Scientists at Scripps Institution of Oceanography at the University of California San Diego have discovered that the growing loss of water is causing the entire western United States to rise up like an uncoiled spring.
Investigating ground positioning data from GPS stations throughout the west, Scripps researchers Adrian Borsa, Duncan Agnew, and Dan Cayan found that the water shortage is causing an “uplift” effect up to 15 millimeters (more than half an inch) in California’s mountains and on average four millimeters (0.15 of an inch) across the west.
From the GPS data, they estimate the water deficit at nearly 240 gigatons (62 trillion gallons of water), equivalent to a six-inch layer of water spread out over the entire western United States.
Results of the study, which was supported by the U.S. Geological Survey, appear in the August 21 online edition of the journal “Science.”
While examining data sets of ground positions from precise GPS stations within the National Science Foundation’s Plate Boundary Observatory and other networks, Borsa, a Scripps assistant research geophysicist, detected the same pattern over the 2003-2014 period.
All of the stations moved upwards in these recent years, coinciding with the time of the current drought, found Agnew, a Scripps Oceanography geophysics professor who specializes in studying earthquakes and their impact on shaping the earth’s crust.

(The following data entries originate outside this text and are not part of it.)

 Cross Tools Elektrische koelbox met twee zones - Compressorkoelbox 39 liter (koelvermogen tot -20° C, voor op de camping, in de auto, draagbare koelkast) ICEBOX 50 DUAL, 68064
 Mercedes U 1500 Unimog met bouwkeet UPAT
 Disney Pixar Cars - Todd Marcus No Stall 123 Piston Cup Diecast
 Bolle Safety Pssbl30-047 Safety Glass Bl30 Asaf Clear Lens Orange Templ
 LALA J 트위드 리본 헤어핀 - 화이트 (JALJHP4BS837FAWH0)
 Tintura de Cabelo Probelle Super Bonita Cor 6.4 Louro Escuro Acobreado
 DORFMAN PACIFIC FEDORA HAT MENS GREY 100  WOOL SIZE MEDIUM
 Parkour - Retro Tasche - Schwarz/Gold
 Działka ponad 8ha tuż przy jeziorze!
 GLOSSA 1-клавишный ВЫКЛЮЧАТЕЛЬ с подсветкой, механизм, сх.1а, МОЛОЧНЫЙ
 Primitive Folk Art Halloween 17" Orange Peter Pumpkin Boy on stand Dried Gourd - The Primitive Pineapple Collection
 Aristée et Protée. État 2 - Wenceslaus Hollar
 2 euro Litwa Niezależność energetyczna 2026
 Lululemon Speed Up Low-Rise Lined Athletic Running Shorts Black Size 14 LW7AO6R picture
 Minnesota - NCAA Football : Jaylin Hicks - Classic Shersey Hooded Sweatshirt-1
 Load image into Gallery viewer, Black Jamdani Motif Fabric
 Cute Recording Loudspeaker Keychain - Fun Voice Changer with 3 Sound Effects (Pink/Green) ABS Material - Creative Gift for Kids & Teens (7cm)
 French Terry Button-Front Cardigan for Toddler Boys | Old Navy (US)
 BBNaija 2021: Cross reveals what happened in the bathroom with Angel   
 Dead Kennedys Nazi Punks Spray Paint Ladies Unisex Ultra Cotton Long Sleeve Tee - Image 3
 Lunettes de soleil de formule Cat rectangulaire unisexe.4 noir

Agnew says the GPS data can only be explained by rapid uplift of the tectonic plate upon which the western United States rests.
The research was supported by USGS National Earthquake Hazards Reduction Program.
Agnew wants to assure the public that the uplift has “virtually no effect on the San Andreas fault” and therefore does not increase the risk of earthquakes.
For Cayan, a research meteorologist with Scripps and USGS, the results paint a new picture of the dire hydrological state of the west.
“These results quantify the amount of water mass lost in the past few years,” said Cayan. “It also represents a powerful new way to track water resources over a very large landscape. We can home in on the Sierra Nevada mountains and critical California snowpack.”
Cayan said, “These results demonstrate that this technique can be used to study changes in fresh water stocks in other regions around the world, if they have a network of GPS sensors.”